HDAC Inhibitor SAHA Sensitizes Metformin-Induced Cell Death in A2780 Ovarian Cancer Cells

Nova Southeastern University, Davie, Florida, USA

HDAC inhibitor SAHA sensitizes Metformin-induced cell death in A2780 ovarian cancer cells Amal Alzahrani1, Ph.D student Theodore Lemuel Mathuram2, Ph.D., Research Associate Appu Rathinavelu1,2, Ph.D., Professor, Executive Director 1College of Pharmacy, 2Rumbaugh-Goodwin Institute for Cancer Research

Objective. The study was conducted to assess the efficacy of metformin in combination with SAHA in ovarian cancer cell line (A2780). Background. Ovarian cancer is the seventh most common cancer among women with the highest mortality rate. The high mortality rate of ovarian cancer is attributed to the fact that most women are diagnosed at an advanced stage with poor survival rate. Recently, many studies have confirmed a profound effect of the known anti-diabetic drug, metformin, on various types of cancer including the ovarian cancer. Our study aims to repurpose metformin, by sensitizing A2780 cells with SAHA (pan-HDAC inhibitor) at lower doses. Methods. For this study, MTT assay was conducted with A2780 cells treated with metformin or SAHA, combination of metformin and SAHA at different doses for 24, 48 h.
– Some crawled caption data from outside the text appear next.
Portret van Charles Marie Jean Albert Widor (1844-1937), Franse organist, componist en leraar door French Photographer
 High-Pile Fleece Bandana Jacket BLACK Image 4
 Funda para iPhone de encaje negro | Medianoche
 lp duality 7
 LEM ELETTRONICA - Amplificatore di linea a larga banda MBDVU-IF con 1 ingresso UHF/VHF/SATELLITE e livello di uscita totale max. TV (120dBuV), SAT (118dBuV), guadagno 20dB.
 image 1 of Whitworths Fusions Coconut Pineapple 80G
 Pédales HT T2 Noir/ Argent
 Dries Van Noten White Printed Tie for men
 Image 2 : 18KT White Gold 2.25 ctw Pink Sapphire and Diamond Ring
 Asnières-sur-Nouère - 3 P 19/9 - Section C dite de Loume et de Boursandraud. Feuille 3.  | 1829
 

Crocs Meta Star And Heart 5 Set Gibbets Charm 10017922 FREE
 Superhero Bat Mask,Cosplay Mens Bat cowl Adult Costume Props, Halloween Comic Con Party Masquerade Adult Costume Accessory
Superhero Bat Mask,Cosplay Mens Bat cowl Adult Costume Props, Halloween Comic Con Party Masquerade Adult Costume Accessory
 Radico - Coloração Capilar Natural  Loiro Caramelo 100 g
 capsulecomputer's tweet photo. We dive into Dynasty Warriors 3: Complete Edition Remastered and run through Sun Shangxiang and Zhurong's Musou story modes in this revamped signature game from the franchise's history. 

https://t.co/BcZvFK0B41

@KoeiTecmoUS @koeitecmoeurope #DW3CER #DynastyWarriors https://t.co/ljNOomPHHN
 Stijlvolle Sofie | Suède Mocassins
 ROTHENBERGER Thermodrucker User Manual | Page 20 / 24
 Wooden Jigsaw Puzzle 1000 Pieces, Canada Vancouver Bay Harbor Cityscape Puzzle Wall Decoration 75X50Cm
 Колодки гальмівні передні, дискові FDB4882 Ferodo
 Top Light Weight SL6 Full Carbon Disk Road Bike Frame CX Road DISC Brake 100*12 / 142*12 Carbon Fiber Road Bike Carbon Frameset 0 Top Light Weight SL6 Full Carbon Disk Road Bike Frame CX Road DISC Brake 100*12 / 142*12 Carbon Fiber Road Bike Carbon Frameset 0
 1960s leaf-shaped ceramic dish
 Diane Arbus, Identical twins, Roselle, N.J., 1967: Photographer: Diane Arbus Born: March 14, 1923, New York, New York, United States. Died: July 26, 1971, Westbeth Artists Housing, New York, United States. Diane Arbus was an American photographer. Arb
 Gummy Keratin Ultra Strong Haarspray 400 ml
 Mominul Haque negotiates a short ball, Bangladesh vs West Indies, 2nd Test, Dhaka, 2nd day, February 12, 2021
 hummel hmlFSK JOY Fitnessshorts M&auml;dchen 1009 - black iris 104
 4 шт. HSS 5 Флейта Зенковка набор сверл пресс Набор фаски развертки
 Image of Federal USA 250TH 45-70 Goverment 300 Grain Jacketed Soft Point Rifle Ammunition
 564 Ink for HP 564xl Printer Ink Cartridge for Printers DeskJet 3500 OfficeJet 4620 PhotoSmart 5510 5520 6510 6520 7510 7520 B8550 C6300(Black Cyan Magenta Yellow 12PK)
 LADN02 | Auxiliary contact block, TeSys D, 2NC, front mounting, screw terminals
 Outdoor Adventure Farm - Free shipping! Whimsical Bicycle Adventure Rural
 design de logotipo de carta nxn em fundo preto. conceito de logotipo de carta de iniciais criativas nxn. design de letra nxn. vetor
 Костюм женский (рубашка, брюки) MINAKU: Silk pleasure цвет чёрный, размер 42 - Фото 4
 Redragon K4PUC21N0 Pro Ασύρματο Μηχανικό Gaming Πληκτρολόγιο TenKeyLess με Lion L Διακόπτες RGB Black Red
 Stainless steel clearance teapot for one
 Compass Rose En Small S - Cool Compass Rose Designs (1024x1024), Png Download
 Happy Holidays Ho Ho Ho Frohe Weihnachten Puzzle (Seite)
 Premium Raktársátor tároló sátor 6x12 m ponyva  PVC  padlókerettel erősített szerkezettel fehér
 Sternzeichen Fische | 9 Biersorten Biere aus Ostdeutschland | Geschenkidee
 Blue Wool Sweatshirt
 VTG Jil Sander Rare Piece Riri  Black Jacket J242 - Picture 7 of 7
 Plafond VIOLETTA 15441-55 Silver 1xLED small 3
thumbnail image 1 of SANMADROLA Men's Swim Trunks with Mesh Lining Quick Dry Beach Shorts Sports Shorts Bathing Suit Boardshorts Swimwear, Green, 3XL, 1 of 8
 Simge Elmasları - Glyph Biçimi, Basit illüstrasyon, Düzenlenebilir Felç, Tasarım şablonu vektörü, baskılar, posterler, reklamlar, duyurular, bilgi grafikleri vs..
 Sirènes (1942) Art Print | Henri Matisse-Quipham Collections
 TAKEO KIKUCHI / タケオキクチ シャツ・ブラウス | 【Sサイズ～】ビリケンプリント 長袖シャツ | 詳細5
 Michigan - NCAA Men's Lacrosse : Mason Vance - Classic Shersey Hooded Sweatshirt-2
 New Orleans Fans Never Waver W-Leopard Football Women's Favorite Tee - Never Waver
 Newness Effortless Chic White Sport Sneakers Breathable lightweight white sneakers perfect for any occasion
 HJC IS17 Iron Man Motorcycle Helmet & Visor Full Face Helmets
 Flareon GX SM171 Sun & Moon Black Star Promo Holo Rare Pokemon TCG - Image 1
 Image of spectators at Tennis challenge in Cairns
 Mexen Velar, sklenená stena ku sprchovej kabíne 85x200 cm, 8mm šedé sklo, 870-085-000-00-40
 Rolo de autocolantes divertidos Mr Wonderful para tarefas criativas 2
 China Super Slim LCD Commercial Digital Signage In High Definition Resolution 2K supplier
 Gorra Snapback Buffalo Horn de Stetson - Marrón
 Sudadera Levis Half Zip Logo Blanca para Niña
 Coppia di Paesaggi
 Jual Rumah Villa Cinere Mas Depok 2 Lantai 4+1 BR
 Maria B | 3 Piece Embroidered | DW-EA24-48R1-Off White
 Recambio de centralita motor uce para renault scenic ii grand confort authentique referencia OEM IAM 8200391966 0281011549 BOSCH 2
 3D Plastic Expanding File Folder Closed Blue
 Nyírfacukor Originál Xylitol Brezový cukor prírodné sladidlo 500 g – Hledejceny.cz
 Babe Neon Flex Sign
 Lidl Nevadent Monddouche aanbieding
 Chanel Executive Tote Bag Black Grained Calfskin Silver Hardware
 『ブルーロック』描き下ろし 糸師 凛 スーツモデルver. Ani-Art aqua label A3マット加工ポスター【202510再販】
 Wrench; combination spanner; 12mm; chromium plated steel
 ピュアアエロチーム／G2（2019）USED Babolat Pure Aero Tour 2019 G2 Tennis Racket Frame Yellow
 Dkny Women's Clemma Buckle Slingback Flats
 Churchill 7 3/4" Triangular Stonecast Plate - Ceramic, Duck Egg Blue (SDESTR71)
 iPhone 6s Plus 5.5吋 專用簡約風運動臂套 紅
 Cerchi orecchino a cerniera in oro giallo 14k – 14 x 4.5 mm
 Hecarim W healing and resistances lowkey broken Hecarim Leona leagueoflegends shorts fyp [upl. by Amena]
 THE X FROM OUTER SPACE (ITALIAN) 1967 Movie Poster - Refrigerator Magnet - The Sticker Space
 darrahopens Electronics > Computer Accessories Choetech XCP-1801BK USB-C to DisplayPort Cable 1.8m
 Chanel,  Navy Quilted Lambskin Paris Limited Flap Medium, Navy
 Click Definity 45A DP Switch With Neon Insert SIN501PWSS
Western Blotting analysis was conducted to assess the protein expression levels of cytochrome C and p21. Results. Combination of metformin 0.1mM and SAHA 10 µM was able to significantly reduce cell viability after 48 h compared to metformin and SAHA alone. Moreover, the combination of metformin 0.1mM and SAHA 10 µM demonstrated significant upregulation of cytochrome C and p21 levels comparing to metformin and SAHA alone. Conclusion. Our results indicate that the reduction in cell viability, and upregulation of cytochrome C and p21 levels may be due to the sensitizing effect of SAHA to metformin. Grants. This study was funded by the Royal Dames of Cancer Research Inc., Ft. Lauderdale, Florida.